El viejo estaba sentado detrás de una mesa pequeña, con una copa entre las manos. Kruz se dio cuenta de que estaba inquieto por la forma en que hacía girar la copa: dos vueltas a la derecha, dos a la izquierda. Derecha, derecha, izquierda, izquierda. Un hábito extraño, pensó Kruz. Amenazador a más no poder. Tenía claro que era un hábito correspondiente a una vida anterior, en otro mundo. Una imagen apareció en la mente de Kruz: un comisario soviético encadenado a la mesa de interrogatorios, el viejo sentado al otro lado, yestido de negro de pies a cabeza, que giraba su copa a un lado y al otro mientras miraba a la presa con sus insondables ojos azules. A Kruz se le encogió el corazón. Los pobres diablos probablemente se cagaban en los pantalones incluso antes de que las cosas se pusieran difíciles.

El viejo lo miró.
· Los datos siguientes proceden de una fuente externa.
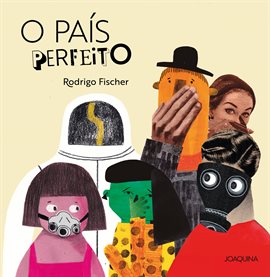 O país perfeito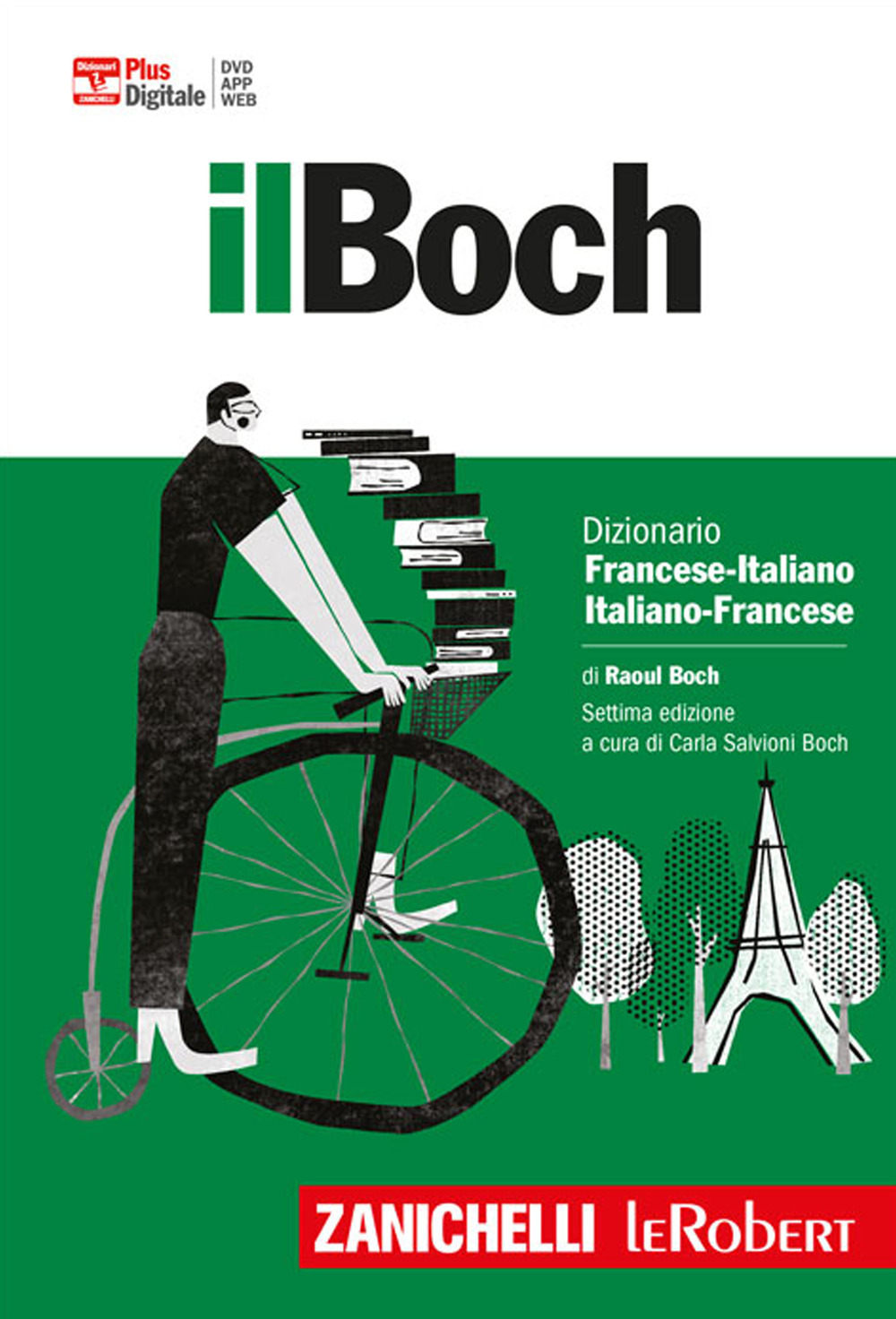 Il Boch. Dizionario francese-italiano, italiano-francese. Plus digitale. Con Contenuto digitale (fornito elettronicamente)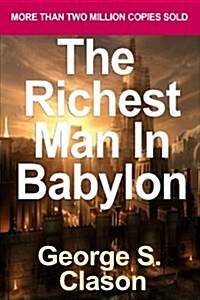 The Richest Man in Babylon: Now Revised and Updated for the 21st Century by George S. Clason (2007) (Paperback)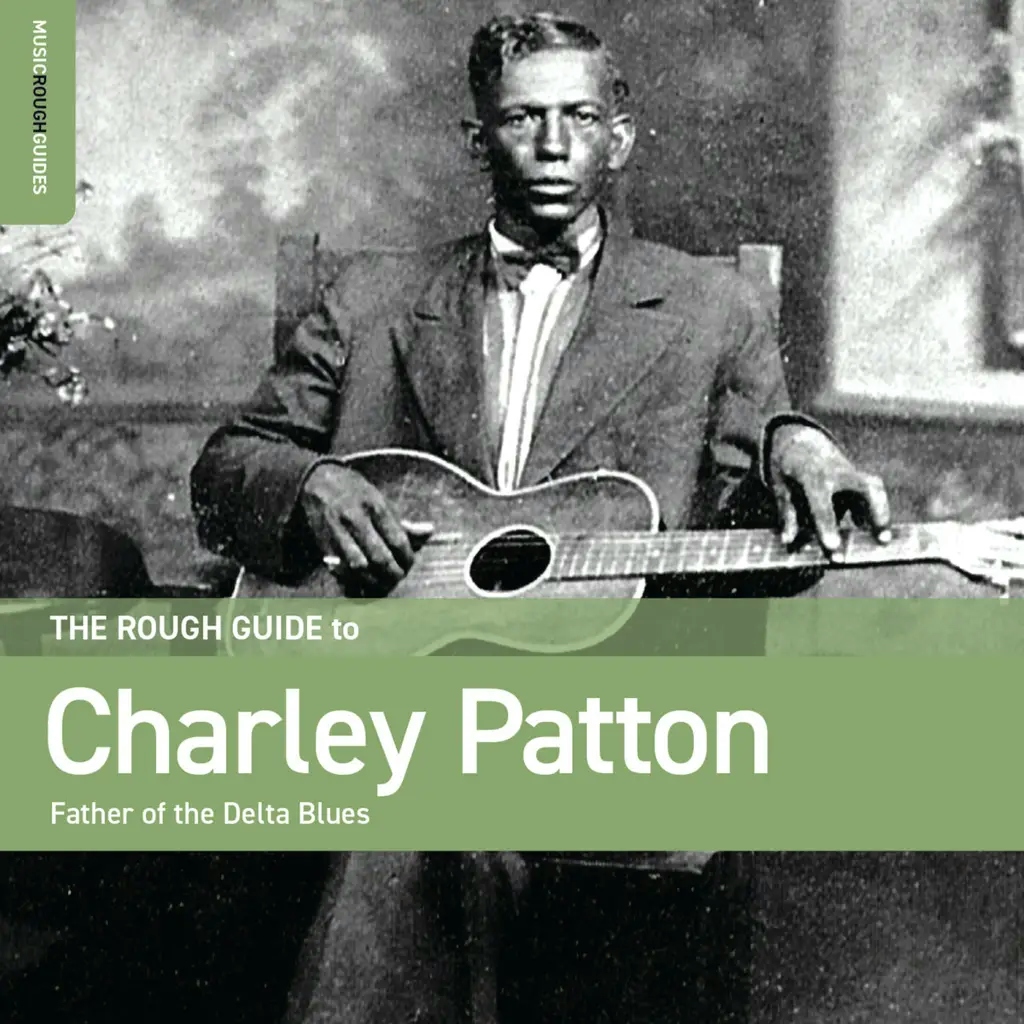 Album artwork for The Rough Guide to Charley Patton - Father of the Delta Blues by Charley Patton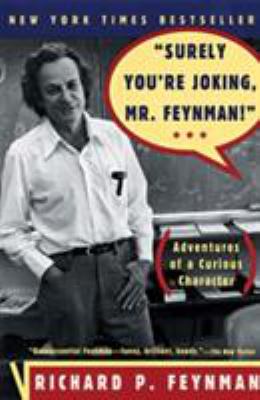 "Surely you're joking, Mr. Feynman!" : adventures of a curious character cover image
Dejó de girar la copa. La fría mirada se fijó en la pechera de la camisa de Kruz. El policía bajó la mirada y vio que estaba mal abrochada. Se había vestido en la oscuridad para no despertar a su esposa. El viejo le señaló una silla. Kruz se arregló la camisa y se sentó. Volvieron los giros, dos vueltas a la derecha, dos a la izquierda. Derecha, derecha, izquierda, izquierda.

Le habló sin más preámbulos. Fue como si reanudaran una conversación interrumpida por una llamada a la puerta. En las últimas setenta y dos horas se habían organizado, dijo el viejo, dos atentados contra la vida del israelí, el primero en Roma, el segundo en Argentina. Por desgracia, el israelí había sobrevivido a ambos. En Roma se había salvado por la intervención de un compañero de la inteligencia israelí. En Argentina, las cosas habían sido más complicadas. Había pruebas que sugerían la participación de los norteamericanos.

Kruz, naturalmente, tenía preguntas. En circunstancias normales se hubiera callado a la espera de que el viejo acabara de hablar. Ahora, cuando sólo hacía media hora que lo habían sacado de su cama, no estaba de humor para andarse con rodeos.

– ¿Qué estaba haciendo el israelí en Argentina?

El rostro del viejo pareció congelarse, y sus manos se inmovilizaron. Kruz había cruzado la raya, el límite que separaba lo que sabía del pasado del viejo y lo que nunca sabría. Sintió cómo se le oprimía el pecho con la fuerza de aquella mirada. No era algo habitual conseguir que se enfadase un hombre capaz de organizar dos intentos de asesinato en dos continentes en un plazo de setenta y dos horas.

– No es necesario que sepas por qué el israelí estaba en Argentina, ni siquiera que estaba allí. Sólo necesitas saber que este asunto ha tomado un giro peligroso. -Comenzó de nuevo a jugar con la copa-. Como puedes suponer, los norteamericanos lo saben todo. Mi verdadera identidad, lo que hice durante la guerra. Fue imposible ocultado. Éramos aliados. Trabajábamos juntos en la gran cruzada contra el comunismo. En el pasado, siempre conté con su discreción, no por ningún sentido de lealtad hacia mí, sino por el simple miedo a la vergüenza pública. No me hago ilusiones, Manfred. Para ellos soy como una puta. Me vinieron a buscar cuando estaban solos y necesitados, pero ahora que se ha acabado la guerra fría, soy como una mujer a la que prefieren olvidar. Si ahora están colaborando con los israelíes… -No acabó la frase-. ¿Ves adónde quiero ir a parar, Manfred?